Additional information regarding student loan repayment can be found in the Financial Aid Exit Counseling Information or through the Federal Student Aid website
Repayment: Rights & Responsibilities
Federal loan borrower RIGHTS:
- Information about interest rates, the balance you owe on loans, and a loan repayment schedule (before repayment begins)
- Written information on borrower rights and responsibilities, loan obligations, including loan consolidation and refinancing
- A copy of the promissory note and the return of the original note when you pay the loan in full
- Notification if your loan has been sold or transferred to a new holder or servicer
- Prepayment of the loan without penalty
If you qualify, also have the right to:
- Federal interest subsidies (subsidized Direct loans)
- A grace period
- Deferment under certain conditions
- Request forbearance (at the loan servicer's discretion)

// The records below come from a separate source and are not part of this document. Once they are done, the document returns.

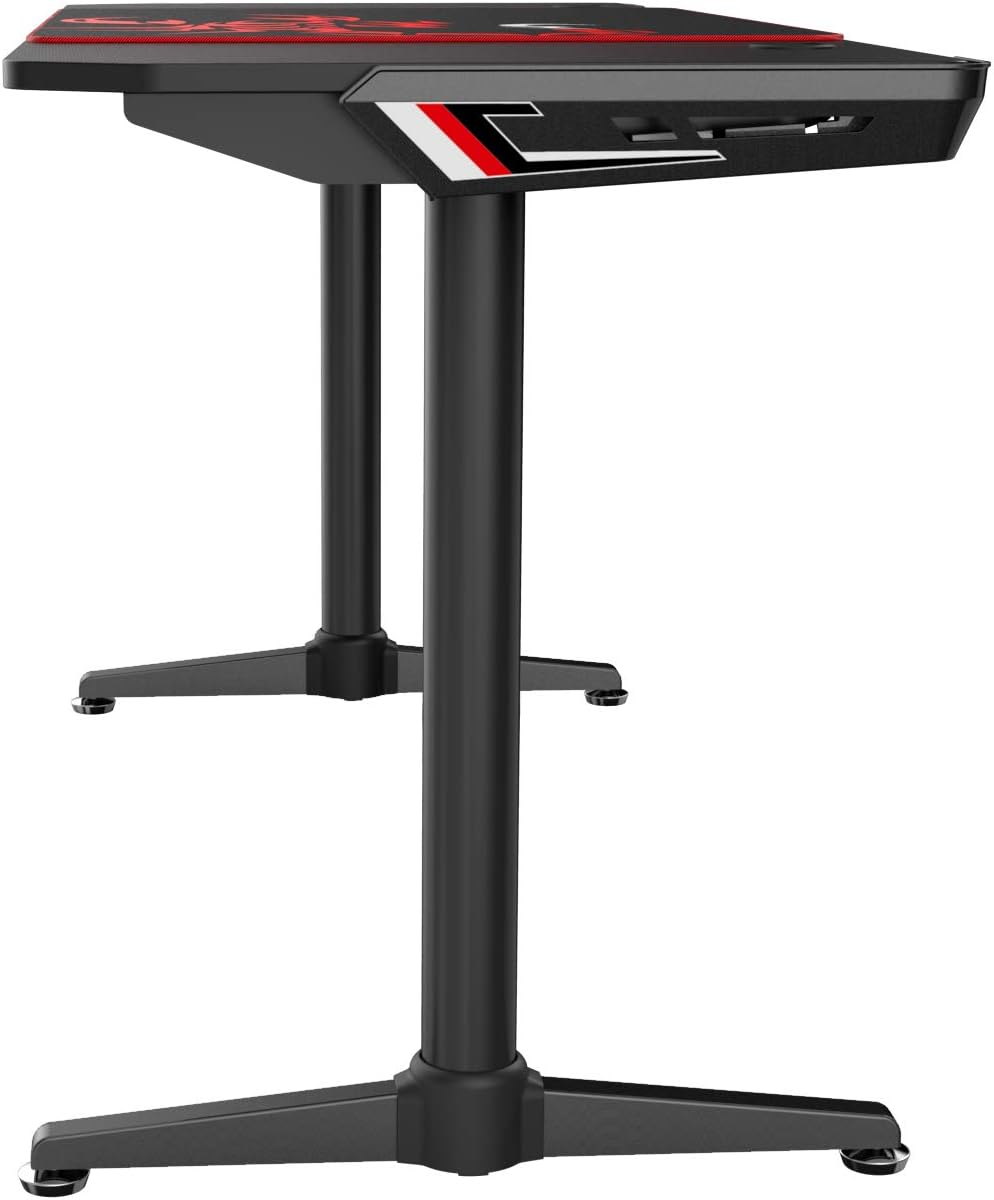Black 60 inch Gaming Computer Desk with Carbon Fiber Surface R3719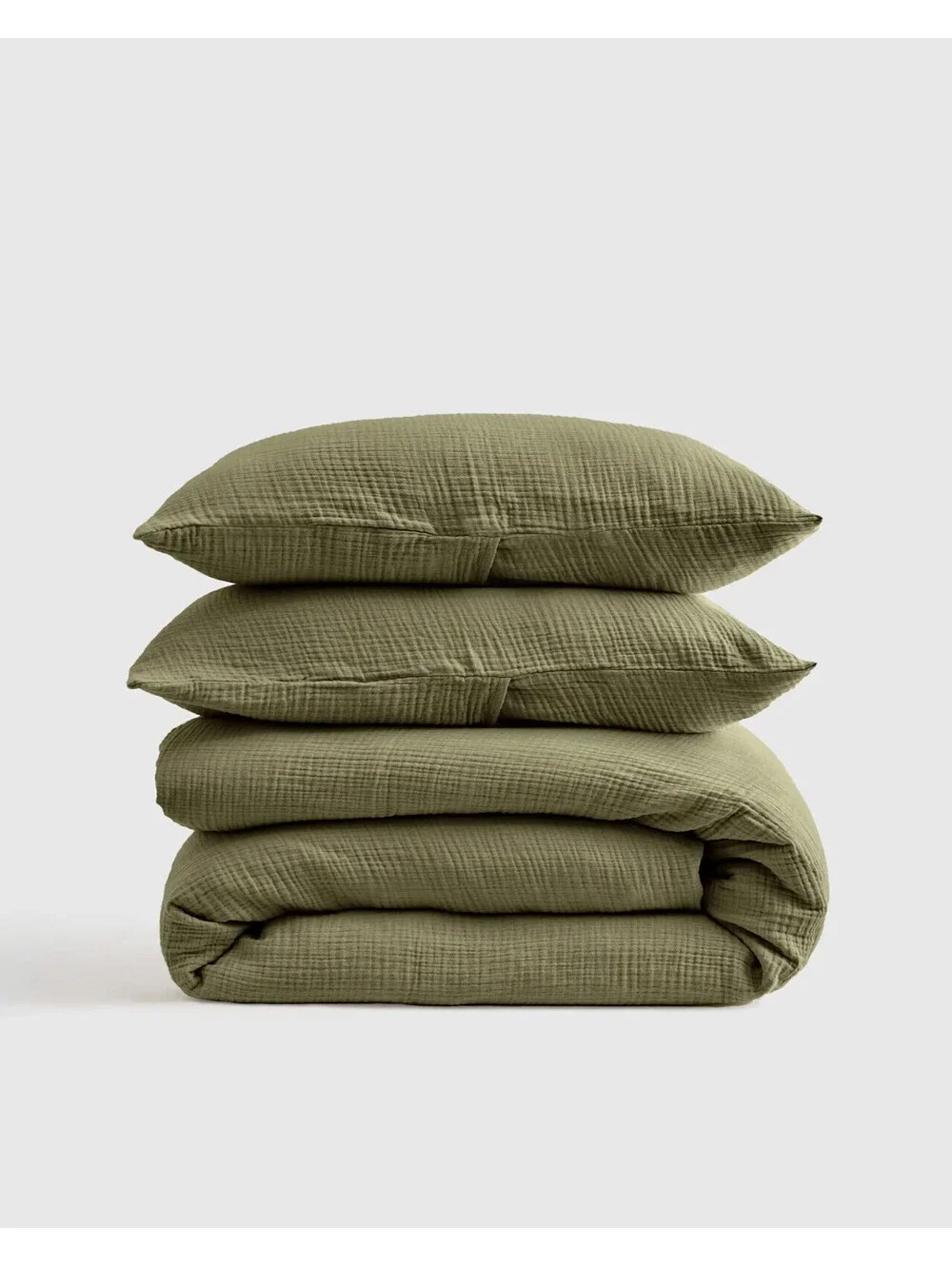 Quince Organic Airy Gauze Duvet Cover Set King Olive 100% Cotton NEW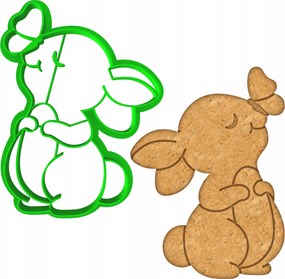 Húsvéti Mézeskalács Forma Húsvétra Nyuszi pillangóval 10cm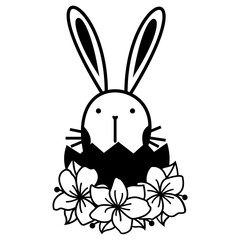 Easter bunny with flowers svg, Bunny face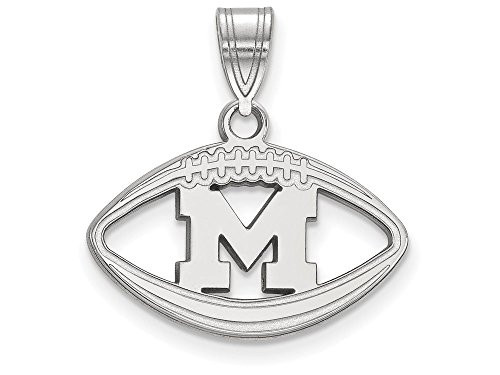 LogoArt SS019UM Sterling Silver LogoArt Michigan (Univ Of) Pendant in Football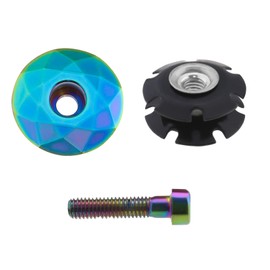 SING F LTD Bicycle Headset Cap Aluminium Alloy Mountain Bike Front Fork Stem Top Cap Bowl Cover with Screw for 28.6mm Threadless Shaft and Fork Colourful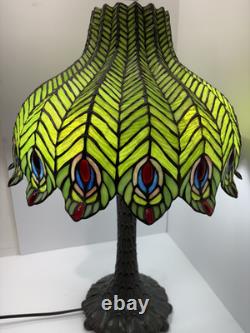 Tiffany-Style Green Peacock Feather Stained Glass Table Lamp, Art Nouveau 26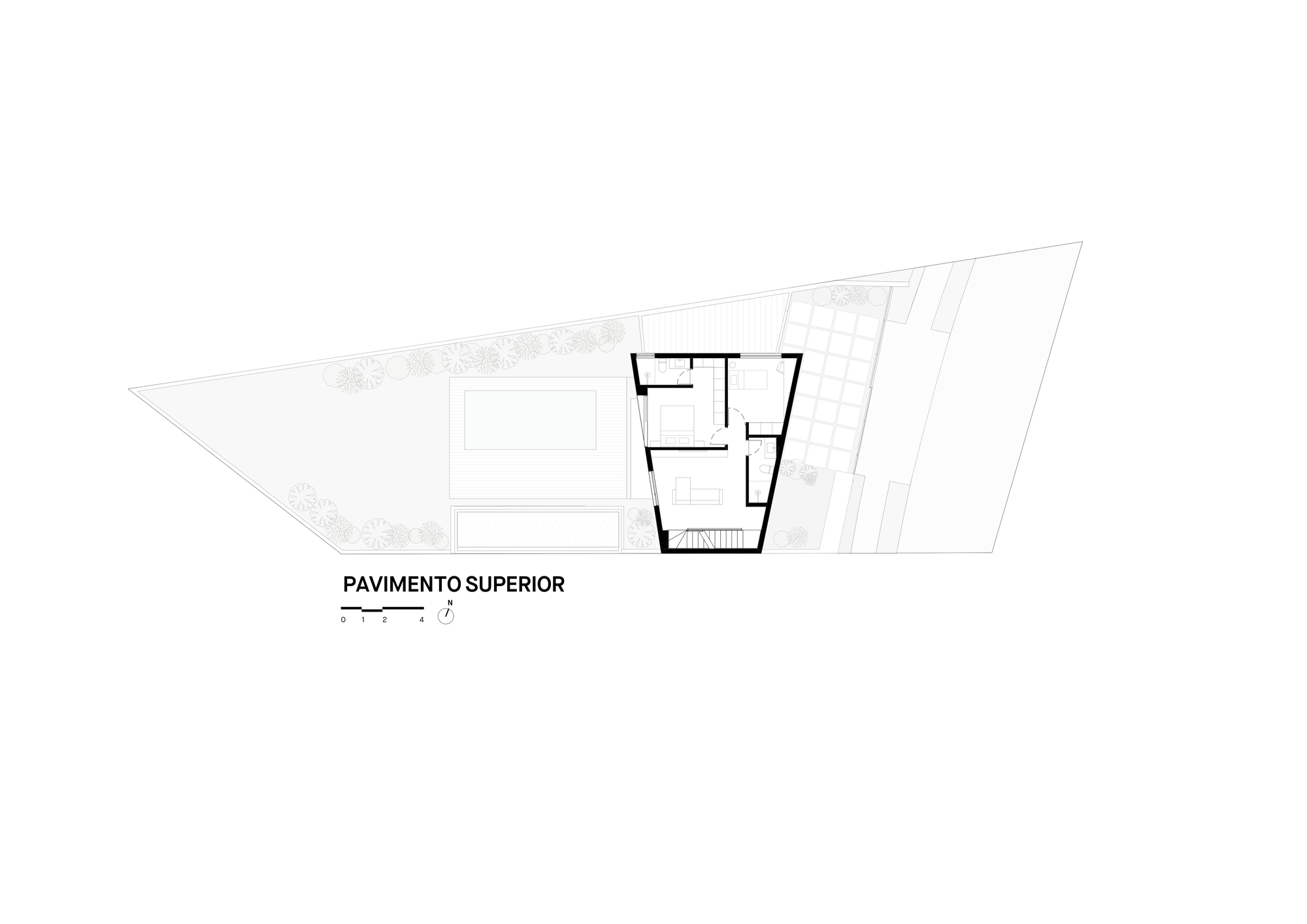 Upper floor plan drawing showing a compact trapezoidal volume of bedrooms and a stair within the same wedge-shaped site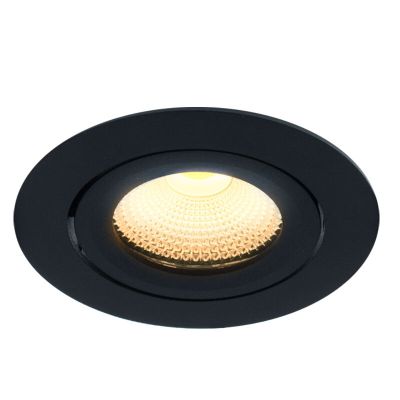 Foco de encastrar de alumínio preto, Wimke, 5W, LED 3000K, IP44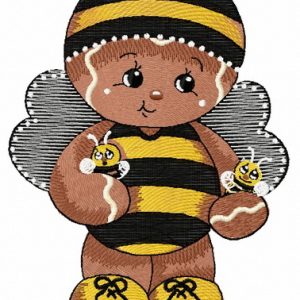 Gingerbread boy in bee costume embroidery design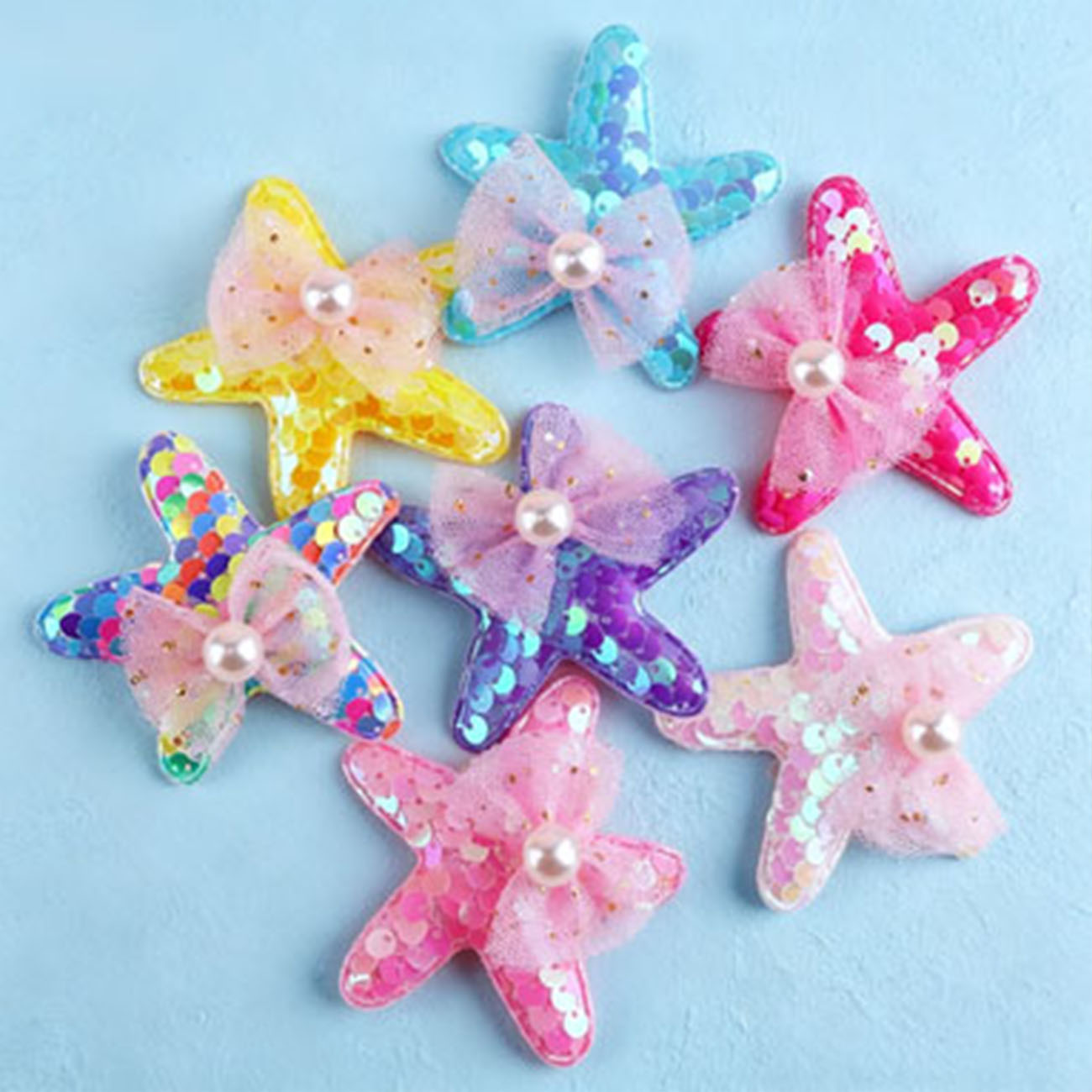 Glitter Tablecloth - 1/7 個マーメイドスパンコールヒトデヘアクリップ女の子用かわいいパールチュールリボンヘアバレッタ休暇写真ヘア装飾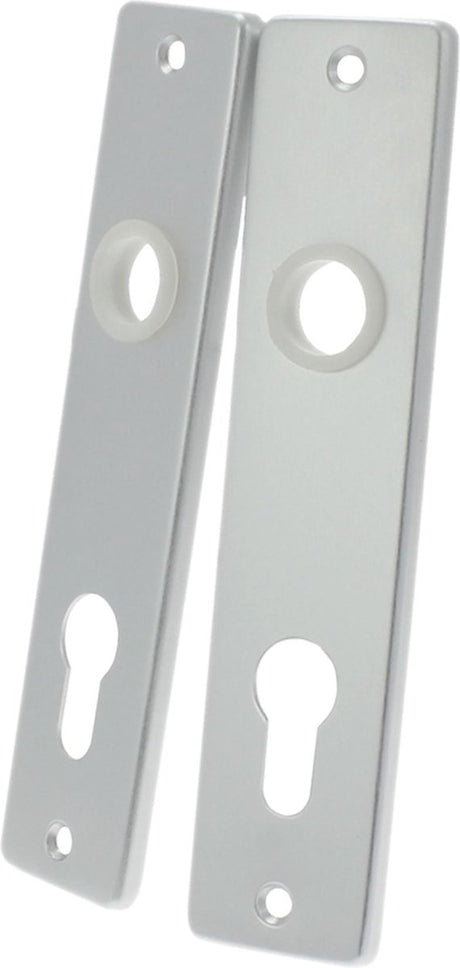 Starx kortschild profielcilinder pc72 - deurschild met cilindergat - aluminium geëloxeerd - hartafstand 72 mm - 180 x 41 mm - inclusief nylon lagers en patentboutjes - zilver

Federal loan borrower RESPONSIBILITIES:
- Repay your loan according to the repayment schedule
- Notify your loan servicer:
- Within ten days when you graduate, withdraw from school, drop below half-time, transfer to a different school, or change your name or social security number
- Of anything that affects your ability to repay or your eligibility for deferment or cancellation
- If you fail to enroll for the period of time covered by the loan
- Notify your school and loan servicer of a change in address
- Complete exit loan counseling before leaving school
Private Educational Loans Repayment
Each private lender has their own requirements and most match federal loan servicers. Please visit our Private Loan page, and contact your private loan servicer for more information.
Student Loan Ombudsman
The Ombudsman Group is a neutral, informal, and confidential resource to help resolve disputes about your federal student loans. Contacting the Ombudsman Group is a last resort option. You must make every effort to resolve your loan disputes before contacting them.